WHAT YOU WILL DO:
Begin at the top of the records and copy each line exactly. The line containing "Flying Saucer One" is the last one to include.

(Records from a data collection)
[Start of Attachment]
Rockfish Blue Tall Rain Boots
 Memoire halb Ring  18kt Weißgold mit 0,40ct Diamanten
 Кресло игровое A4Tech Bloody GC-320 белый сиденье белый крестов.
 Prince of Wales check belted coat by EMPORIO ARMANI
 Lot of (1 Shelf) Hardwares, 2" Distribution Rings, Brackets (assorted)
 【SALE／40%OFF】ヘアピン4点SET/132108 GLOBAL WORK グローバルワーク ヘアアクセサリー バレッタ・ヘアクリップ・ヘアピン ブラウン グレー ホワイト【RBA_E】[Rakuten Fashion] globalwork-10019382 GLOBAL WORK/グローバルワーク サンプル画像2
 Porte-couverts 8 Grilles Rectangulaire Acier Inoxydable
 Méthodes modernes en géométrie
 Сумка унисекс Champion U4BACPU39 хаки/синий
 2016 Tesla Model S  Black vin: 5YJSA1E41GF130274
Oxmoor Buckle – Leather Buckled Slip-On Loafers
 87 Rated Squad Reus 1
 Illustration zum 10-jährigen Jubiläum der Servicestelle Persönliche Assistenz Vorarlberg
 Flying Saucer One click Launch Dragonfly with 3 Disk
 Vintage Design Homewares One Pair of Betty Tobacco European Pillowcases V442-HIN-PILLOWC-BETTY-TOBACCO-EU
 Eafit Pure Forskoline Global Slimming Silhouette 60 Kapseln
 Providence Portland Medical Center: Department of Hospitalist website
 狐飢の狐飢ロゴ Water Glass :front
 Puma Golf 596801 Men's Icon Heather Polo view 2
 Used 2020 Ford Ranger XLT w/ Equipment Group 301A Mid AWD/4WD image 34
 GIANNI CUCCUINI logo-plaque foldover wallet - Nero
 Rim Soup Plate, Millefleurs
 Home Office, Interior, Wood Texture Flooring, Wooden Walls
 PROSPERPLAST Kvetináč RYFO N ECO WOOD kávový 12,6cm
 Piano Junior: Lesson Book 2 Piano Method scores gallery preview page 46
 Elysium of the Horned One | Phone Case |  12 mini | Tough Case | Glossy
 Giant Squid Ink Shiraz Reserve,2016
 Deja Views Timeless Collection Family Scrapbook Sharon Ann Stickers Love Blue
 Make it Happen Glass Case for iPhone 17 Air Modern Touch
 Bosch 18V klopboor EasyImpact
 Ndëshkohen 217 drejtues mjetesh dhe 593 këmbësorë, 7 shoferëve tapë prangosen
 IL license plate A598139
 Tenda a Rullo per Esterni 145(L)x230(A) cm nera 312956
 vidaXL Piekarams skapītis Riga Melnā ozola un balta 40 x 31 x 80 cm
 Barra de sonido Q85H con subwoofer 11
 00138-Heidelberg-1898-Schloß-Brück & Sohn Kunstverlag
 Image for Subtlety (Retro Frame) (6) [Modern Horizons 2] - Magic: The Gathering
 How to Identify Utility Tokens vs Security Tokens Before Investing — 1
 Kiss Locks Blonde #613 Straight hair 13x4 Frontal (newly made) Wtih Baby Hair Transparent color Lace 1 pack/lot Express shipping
[End of Attachment]
RESPONSE AREA:
Rockfish Blue Tall Rain Boots
 Memoire halb Ring  18kt Weißgold mit 0,40ct Diamanten
 Кресло игровое A4Tech Bloody GC-320 белый сиденье белый крестов.
 Prince of Wales check belted coat by EMPORIO ARMANI
 Lot of (1 Shelf) Hardwares, 2" Distribution Rings, Brackets (assorted)
 【SALE／40%OFF】ヘアピン4点SET/132108 GLOBAL WORK グローバルワーク ヘアアクセサリー バレッタ・ヘアクリップ・ヘアピン ブラウン グレー ホワイト【RBA_E】[Rakuten Fashion] globalwork-10019382 GLOBAL WORK/グローバルワーク サンプル画像2
 Porte-couverts 8 Grilles Rectangulaire Acier Inoxydable
 Méthodes modernes en géométrie
 Сумка унисекс Champion U4BACPU39 хаки/синий
 2016 Tesla Model S  Black vin: 5YJSA1E41GF130274
Oxmoor Buckle – Leather Buckled Slip-On Loafers
 87 Rated Squad Reus 1
 Illustration zum 10-jährigen Jubiläum der Servicestelle Persönliche Assistenz Vorarlberg
 Flying Saucer One click Launch Dragonfly with 3 Disk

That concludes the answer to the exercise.